2/07/2006

Public Engagement: Do We Have To?

It's embarassing to admit, but true. I remain stubbornly unconvinced about the necessity of public engagement in school reform.

I know, I know. I'm an idiot. A lot of smarter-than-I-am folks believe in it deeply. Or pay a lot of lip service to it. And I certainly understand its benefits, in an ideal world.

But I still sometimes wonder: do we really have to do it? Is it really all that important, given what a giant pain in the ass it can be to pull off? If so, can it be done without becoming an end in and of itself? I'm not so sure. Are you?

READ MORE>>

The issue comes up again because of this post from Teaching Matters Most: Dear Public: Can We Talk?, which is a riff off an article about Public Agenda in the current issue of School Administrator.

"Anyone interested in working with the public to help improve schools should read this article for its description of why traditional approaches to public engagement in education have not been especially successful, and real alternative models for working with communities that have achieved concrete and meaningful results in San Jose, California and Nebraska."

Even knowing that many past school reform efforts have failed, perhaps due to lack of sufficient public engagement, it's not hard to find reasons to be skeptical about public engagement when it comes to large scale school reform.

As even the most ardent community organizer will admit, most of the public is engaged with its own immediate pocketbook issues, sports, and the occasional ideological dispute.
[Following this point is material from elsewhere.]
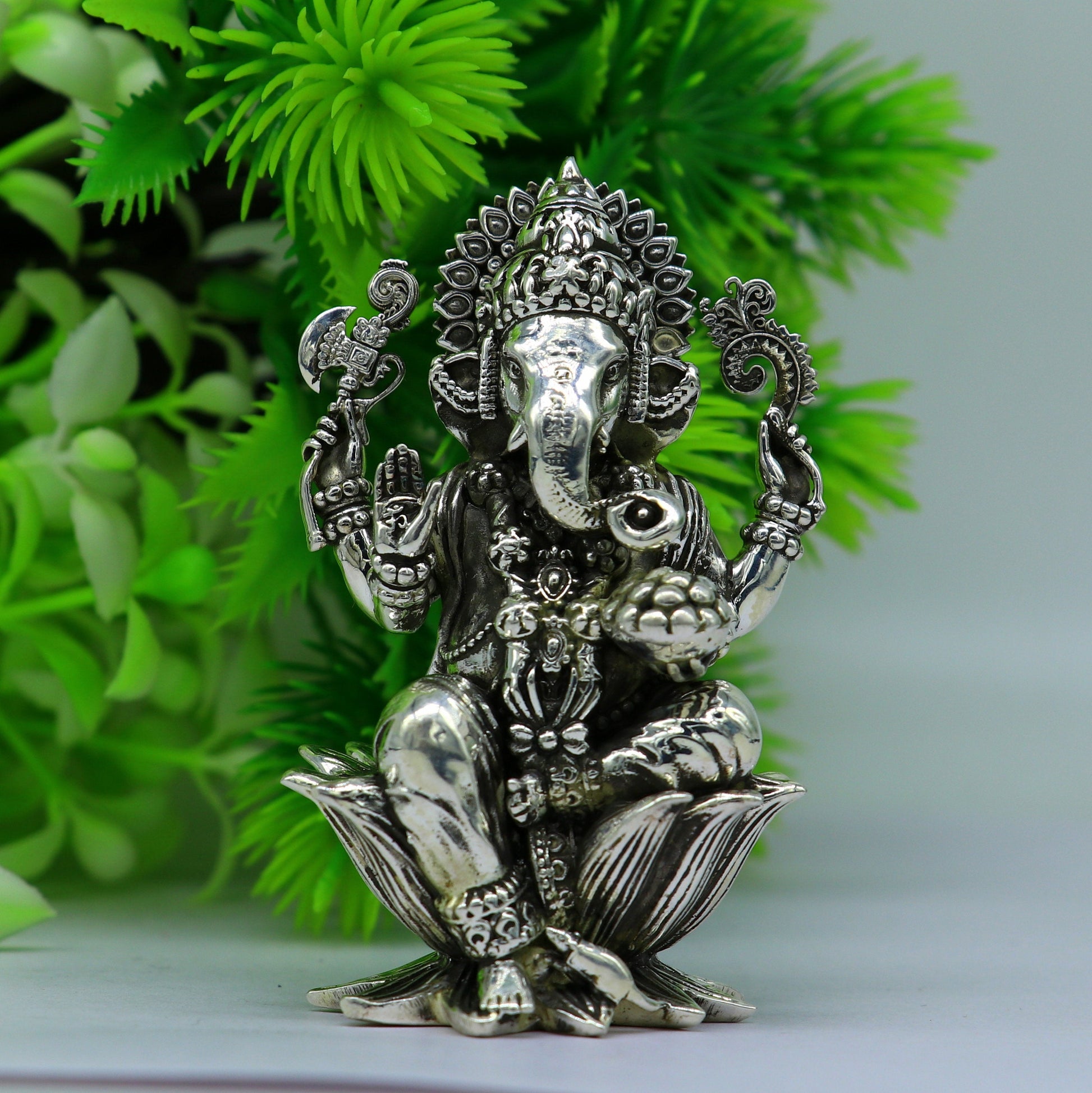 925 Sterling silver Lord Ganesh Idol, Pooja Articles, Silver Idols Figurine, handcrafted Lord Ganesh statue sculpture gifting art su212 - TRIBAL ORNAMENTS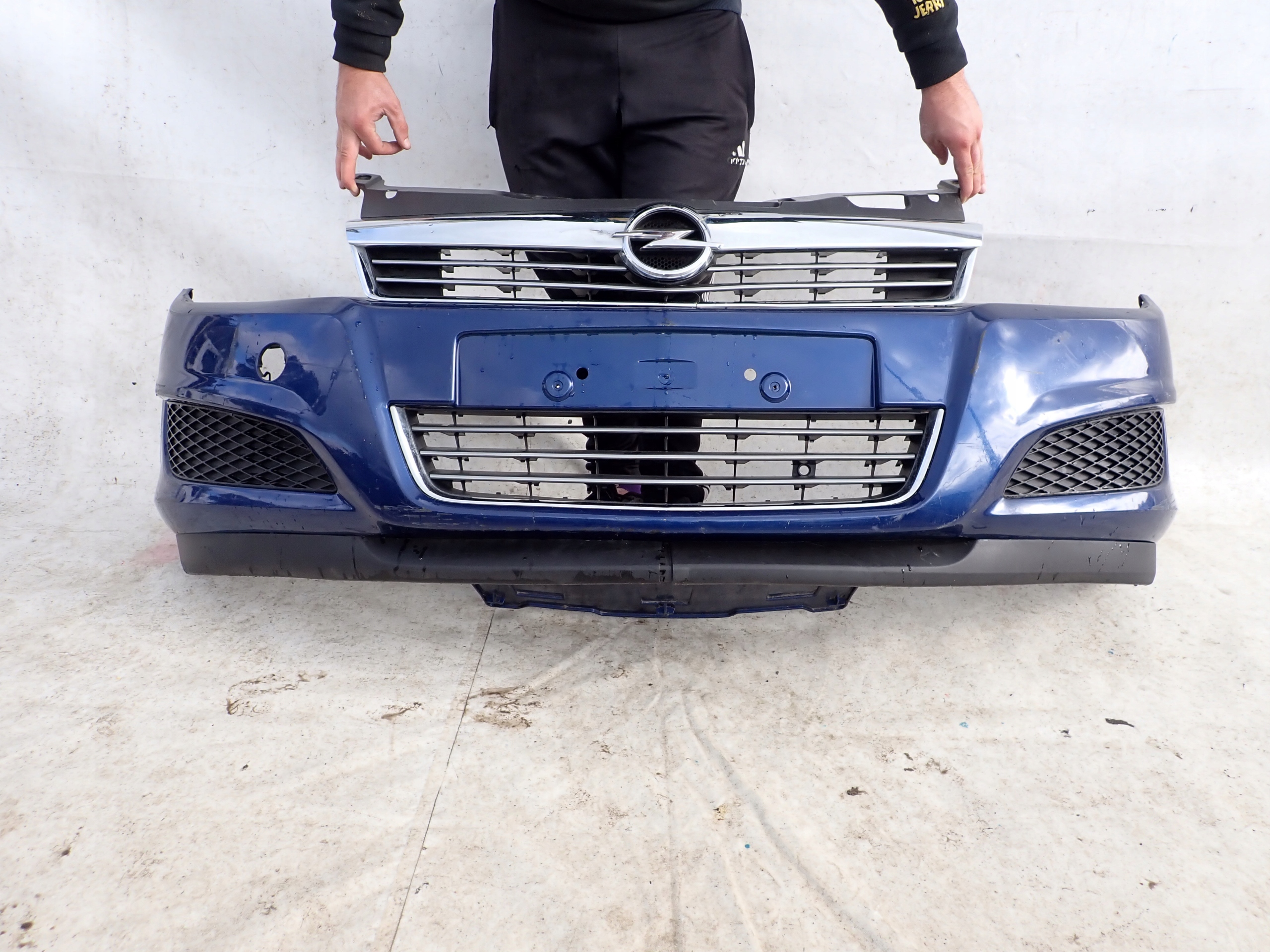 OPEL ASTRA III H LIFT 07-10 bumper front front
An organizer told me once that parents are particular hard to get and keep involved. I believe it.

Add to that the reality that few of the common strategies of public engagement -- the petition, protest, sit-in, or march -- seem to do much good, though I know that they occasionally have an effect on the outcome.

Last but not least, I know from first-hand experience that the political and legislative processes are both highly impermeable to the type of public engagement that education issues seem to engender. All those parents and teachers who came to meet with me or my boss on "Hill Lobby Day" usually did so to no effect, I'm forced to say.

And, while community and public concerns can certainly derail tin-eared reform efforts like Alan Bersin in San Diego, more than a handful of district superintendents and reformers find that they can make progress without any serious commitment to the engaqement process.

The model for this may be Boston, where the superintendent and the school reform community has succeeded -- or failed, depending on your view of things -- largely without focusing on community engagement.

Here in Chicago, even with local school councils still nominally effect of school-level decisions, the district and the downtown reformers seem to have the field pretty much to themselves right now. There are a few old-school screamers and spitters out there still, but with less and less money every year.

I'm still hoping that maybe some engagement guru can shape me up on this issue.

2 Comments:

Blogger Amerloc said...

You can lead a horse to water....

7:50 AM  
Blogger Brett Pawlowski said...

I think it depends on your definition of public engagement: to which "publics" you're referring, and how you want them to engage with education.

I think most people would think of individuals (parents and other citizens) getting involved according to terms set form by the schools: volunteering, voting for bond issues, and the like. And yes, that's hard to do - at the risk of being overdramatic, people don't like being given orders if they don't feel like they're being heard in the bigger picture.

For more on this, take a look at my review (alright, my partial review) of "Is there a public for public schools" by David Mathews of the Kettering Foundation (http://www.dehavillandassociates.com/2006/01/is-there-public-for-public-schools.html).

If, however, you look at the public as all stakeholder groups affected by education - businesses, communities, government - and you define engagement as a collaborative (not dictated) venture, then I see tremendous value in it.

Schools are a means to an end: to prepare our kids to be capable and productive members of society, as workers, citizens, and neighbors. The people who receive our kids - businesses, communities, etc - have a right and a responsibility to make sure that schools understand how to define "capable and productive" according to contemporary (and ever changing) standards, and then set clear objectives (graduation standards) and a logical and consistent approach to helping kids meet those objectives.

If you look back at the first half of the 20th century, business leaders were involved in setting those standards, as they figured prominently on school boards. And because they helped set standards that were of interest to them (primarily vocational), they felt an obligation to support those objectives by participating in education with internships, school support, and the like. In theory, if stakeholder groups are given a real voice in setting the goals and methods for education, they should also feel a commitment to step in and support those efforts.

So that's my take - allow stakeholders to join as partners, and you'll end up with real support and relevant goals. Try to make them do your bidding, and you'll get a resistant, resentful, and unresponsive public.